Keeping pictures out of the copy, restate each record word for word.

_Information given_
<<<<

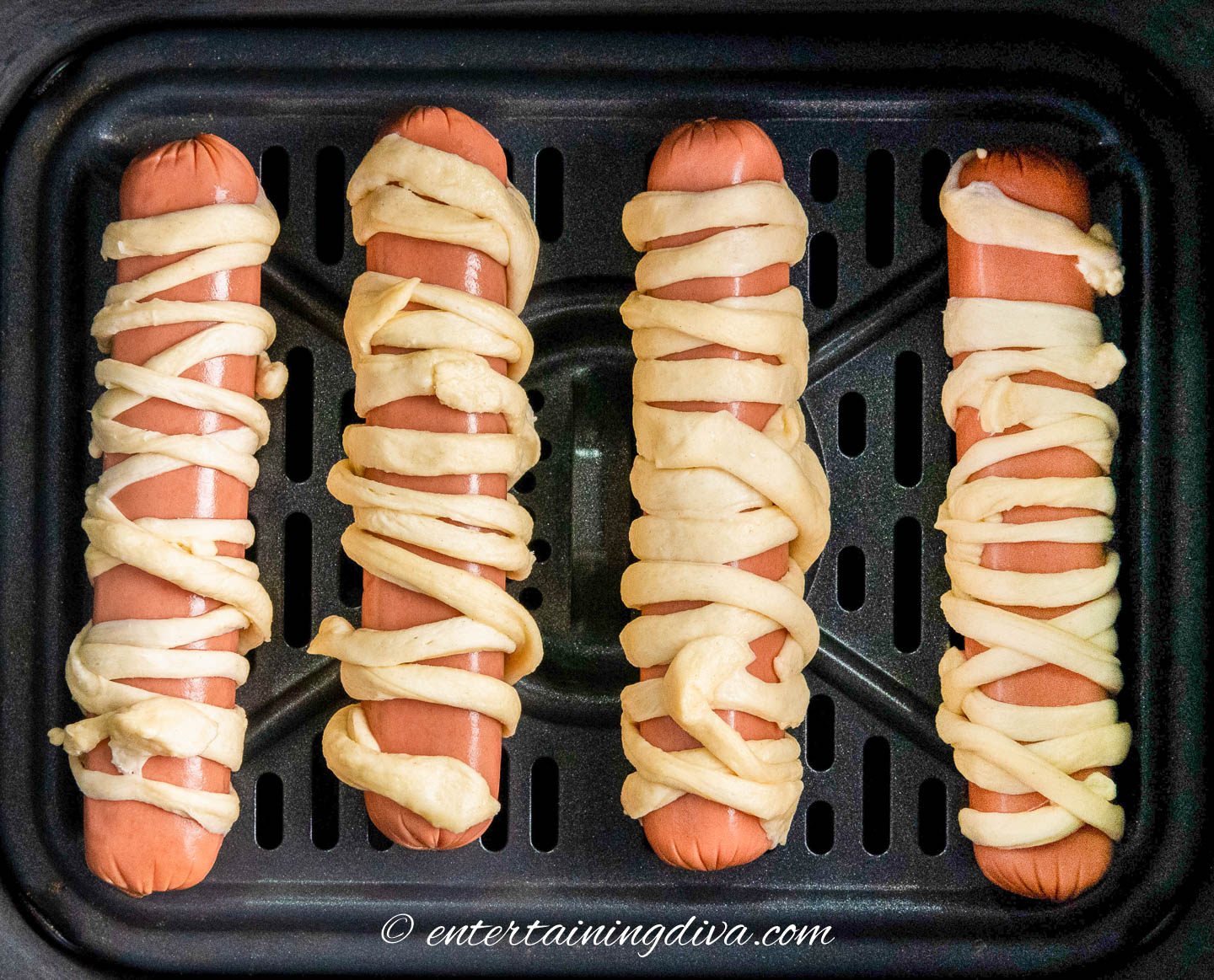 4 weiners wrapped in crescent roll dough on a baking sheet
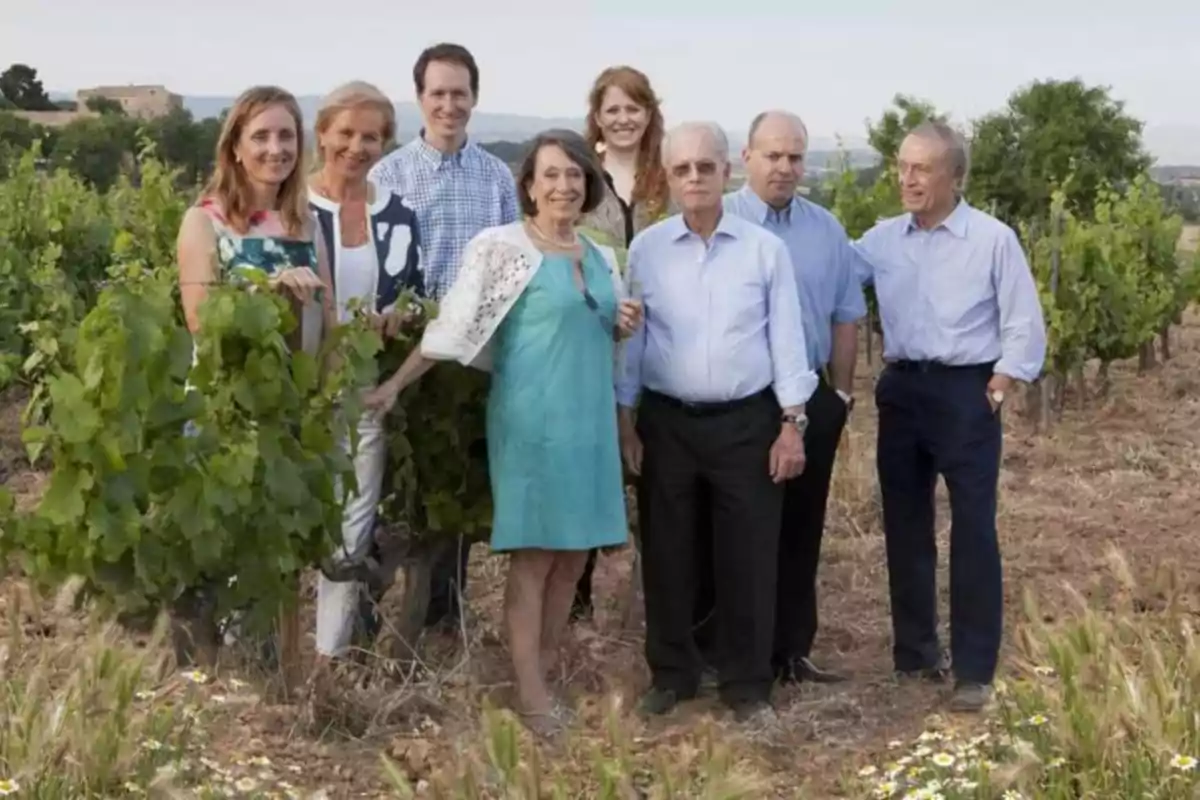 Un grupo de personas posando juntas en un viñedo rodeados de plantas y naturaleza Un grupo de personas posando juntas en un viñedo rodeados de plantas y naturaleza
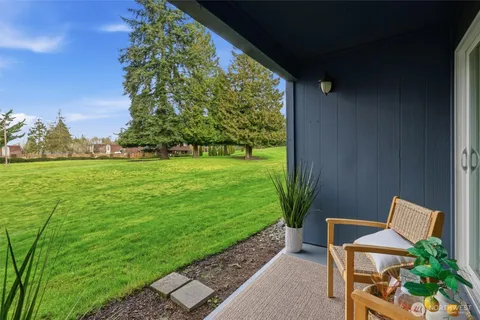 a backyard of a house with table and chairs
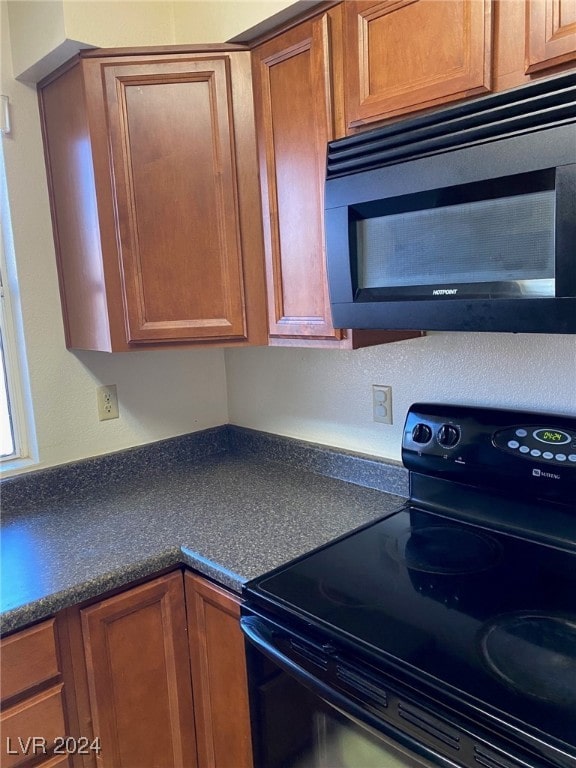 kitchen featuring black / electric stove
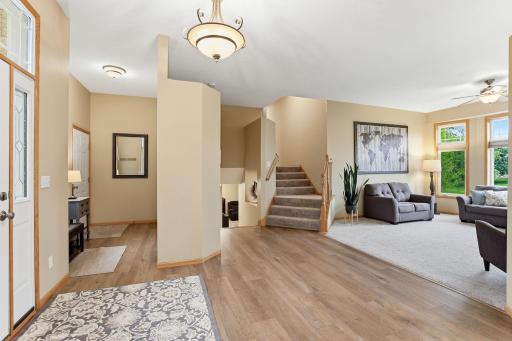 Large, Open Foyer with Newer LVP Flooring (2024) that Continues through much of the Main Level.
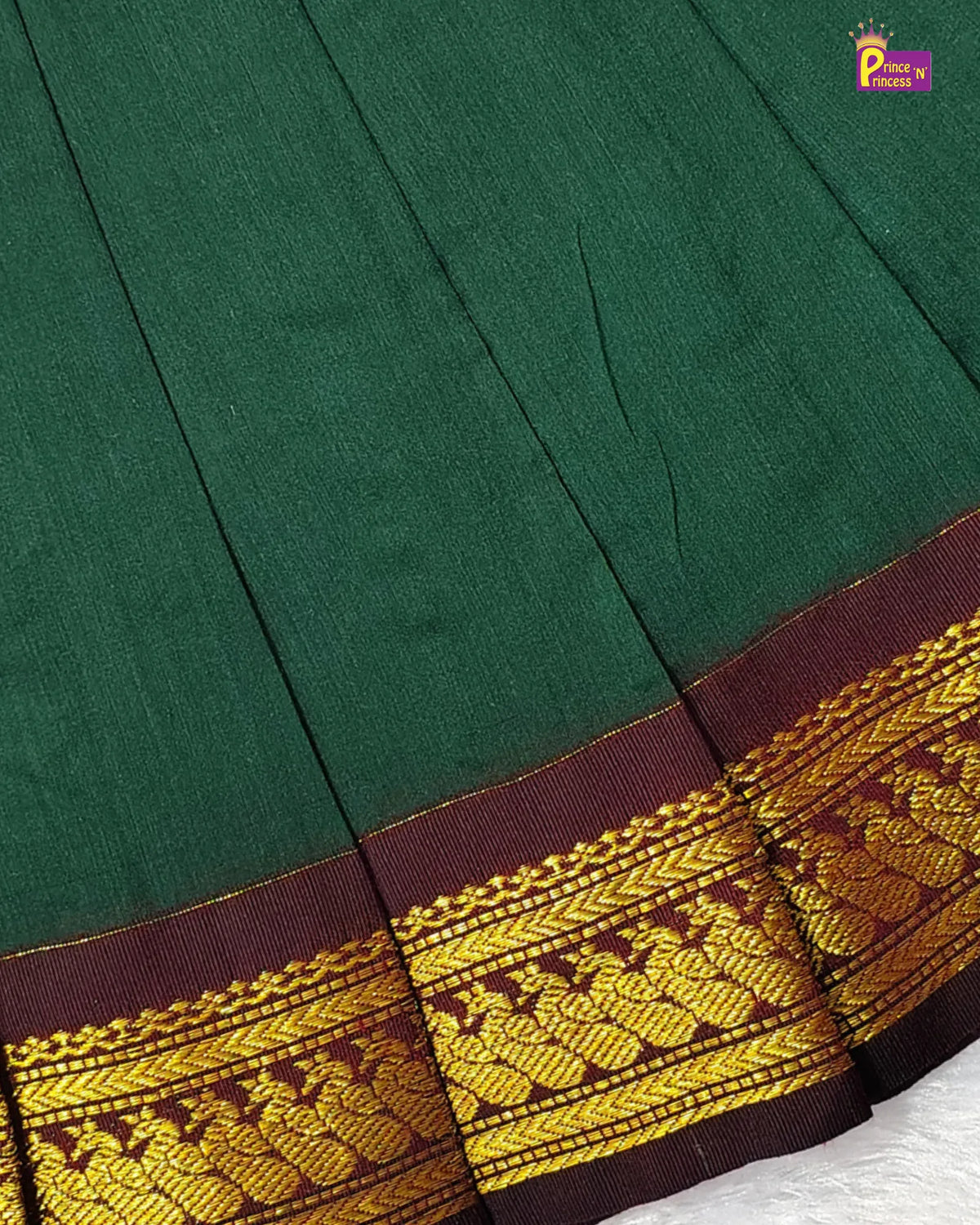 Close-up of a dark green fabric garment with a wide decorative border in deep maroon and gold zari embroidery, showing pleated folds and a small 'Pancham' logo in the top right corner.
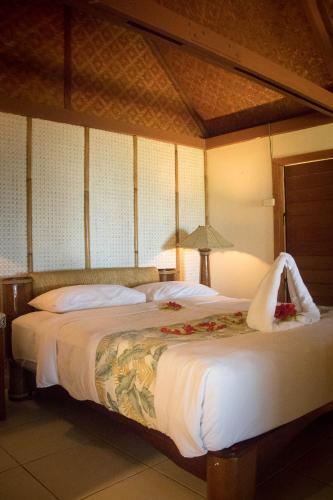 a bedroom with two beds with flowers on them at Beqa Lagoon Resort in Beqa Island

>>>>

_Exercise result_
 4 weiners wrapped in crescent roll dough on a baking sheet
 Un grupo de personas posando juntas en un viñedo rodeados de plantas y naturaleza Un grupo de personas posando juntas en un viñedo rodeados de plantas y naturaleza
 a backyard of a house with table and chairs
 kitchen featuring black / electric stove
 Large, Open Foyer with Newer LVP Flooring (2024) that Continues through much of the Main Level.
 Close-up of a dark green fabric garment with a wide decorative border in deep maroon and gold zari embroidery, showing pleated folds and a small 'Pancham' logo in the top right corner.
 a bedroom with two beds with flowers on them at Beqa Lagoon Resort in Beqa Island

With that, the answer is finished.